平松 「イベント・配信部門」では、将来に映像制作やイベント制作を志す学生が多く、「プレイヤー部門」では純粋にゲームが好きな学生や、ゲームスキルに自信のある学生が多い傾向にあります。どちらにも共通して言える事は「eスポーツに強い関心があること」です。
── 今回、顧問の森田先生から平松さんに対してイベントの共同開催の打診があったかとお聞きしておりますが、共同開催に至った最も大きな理由を教えてください。
平松 OECU eSportsの「イベント・配信部門」は、もともと「学校内」で行なうイベントの要請が多く、私自身、今回のような「一般向けのイベント制作」について強い関心がありました。
部の実績としては勿論のこと、私個人としても実績と成長に繋がるチャンスだと考えています。

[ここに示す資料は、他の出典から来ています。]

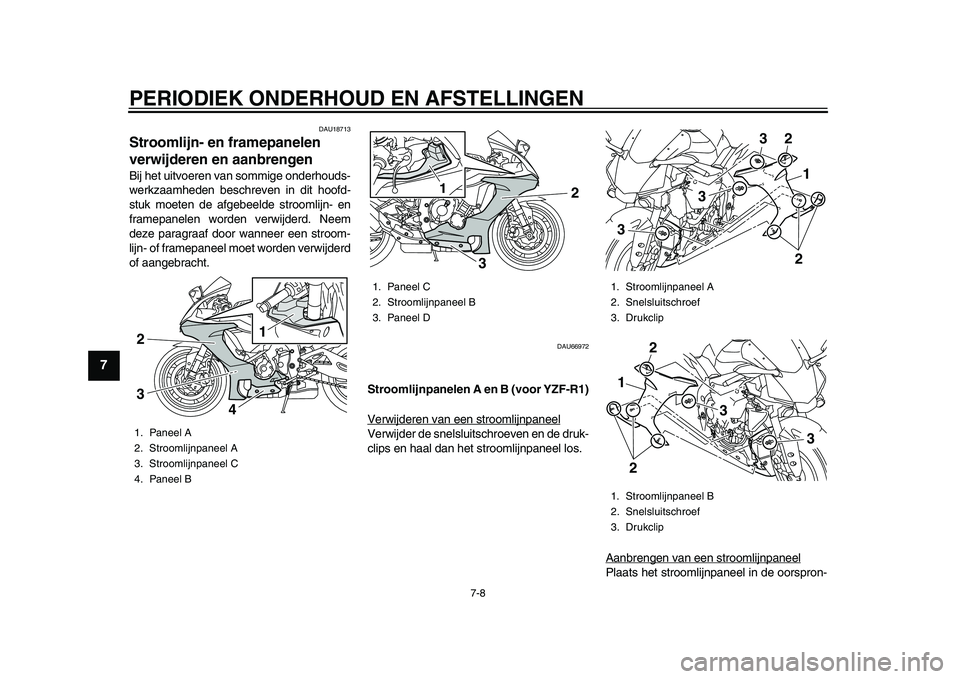 YAMAHA YZF-R1M 2015 Manual de utilização (in Portuguese) PERIODIEK ONDERHOUD EN AFSTELLINGEN
7-8
1
2
3
4
5
67
8
9
10
11
12
DAU18713
Stroomlijn- en framepanelen
verwijderen en aanbrengenBij het uitvoeren van sommige onderhouds-
werkzaamheden beschreven in d YAMAHA YZF-R1M 2015 Manual de utilização (in Portuguese) PERIODIEK ONDERHOUD EN AFSTELLINGEN
7-8
1
2
3
4
5
67
8
9
10
11
12
DAU18713
Stroomlijn- en framepanelen
verwijderen en aanbrengenBij het uitvoeren van sommige onderhouds-
werkzaamheden beschreven in d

また、私にとって寝屋川ゲームフェスティバルは、「挑戦の場」としての意味合いも感じています。
── 「挑戦の場」とは、具体的にどういうイメージでしょうか。
平松 私たちはこれまで、対戦格闘ゲーム大会の配信経験が少なく、実績もほとんどありませんでした。今回のイベントでは「road to 戦参」と題された「GUILTY GEAR -STRIVE-」という格闘ゲームのシングルトーナメントの大会を行います。
この大会の優勝者には8月30日、31日に横浜市で開催される「戦参(せんざん)」の出場枠が付与され、関西圏のトッププレイヤーが集まります。また、アークシステムからも公認をされており、イベント当日の配信についても注目されると考えています。

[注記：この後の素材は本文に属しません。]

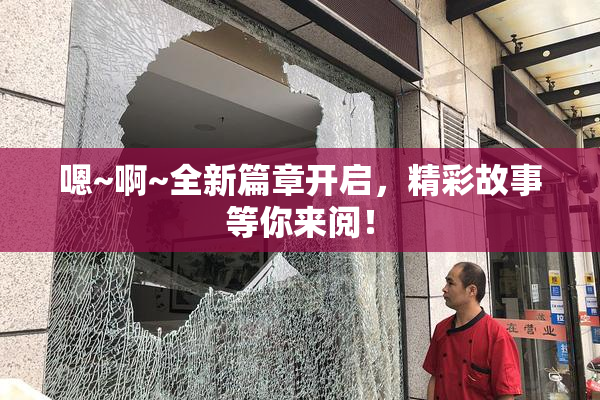 嗯~啊~全新篇章开启，精彩故事等你来阅！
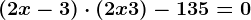 (2x-3)\cdot (2x+3)-135=0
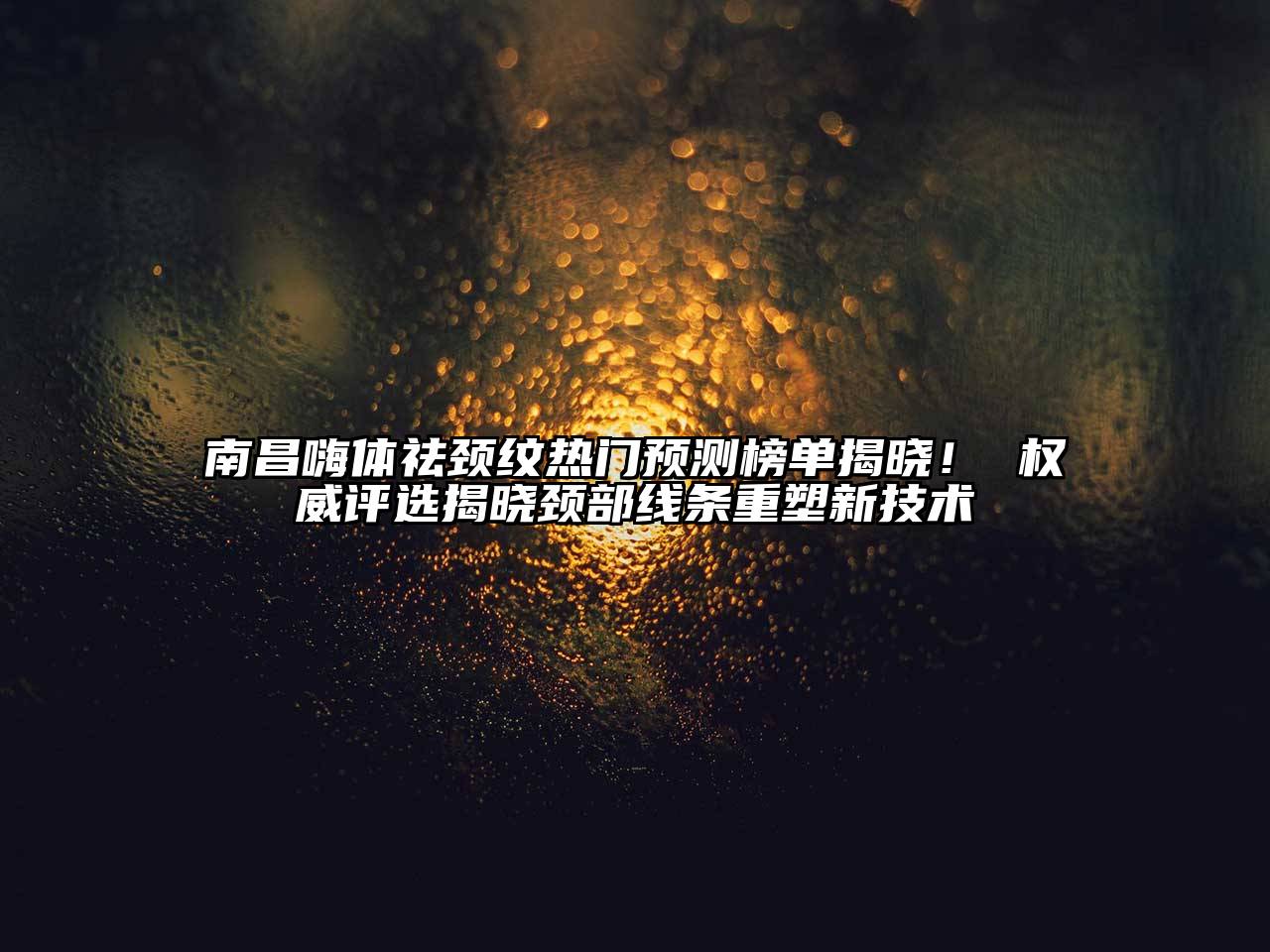 南昌嗨体祛颈纹热门预测榜单揭晓！ 权威评选揭晓颈部线条重塑新技术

私たちは、これまでにない大型大会配信を担当することになりますので、失敗は許されないという良い意味での緊張感を持って臨んでいて、先ほどもお伝えしたとおり、「挑戦の場」として考えております。
── 冷静ながら熱意のあるコメントであると感じます。最後に、今回のイベントについて意気込みを聞かせてください。

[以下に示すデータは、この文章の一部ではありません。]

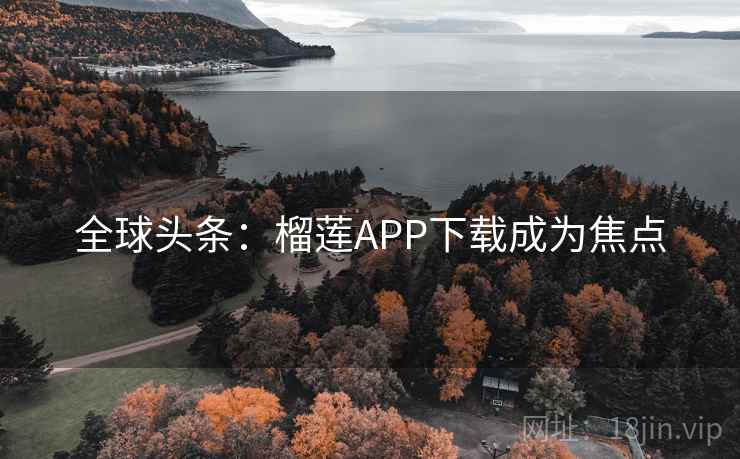 全球头条:榴莲APP下载成为焦点 第2张 全球头条:榴莲APP下载成为焦点 第2张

平松 まず、イベントの成功を絶対条件として考え、準備を進めています。
寝屋川ゲームフェスティバルが無事成功することで、地元の方に、大阪電気通信大学のことやOECU eSportsを知っていただく機会になれば幸いです。
また、私自身としても、将来に繋がる経験の場として考えています。ひとつひとつの出来事に対して真摯に取り組みます。
みなさまが楽しんでいただけるイベントになるよう、引き続き尽力します。
OECU eSports」顧問 森田さんインタビュー

── 自己紹介をよろしくお願いします。
森田 森田浩司(もりた こうじ)と申します。大学では映像制作やライブ配信に関する授業を担当しており、OECU eSportsには2021年から参画しています。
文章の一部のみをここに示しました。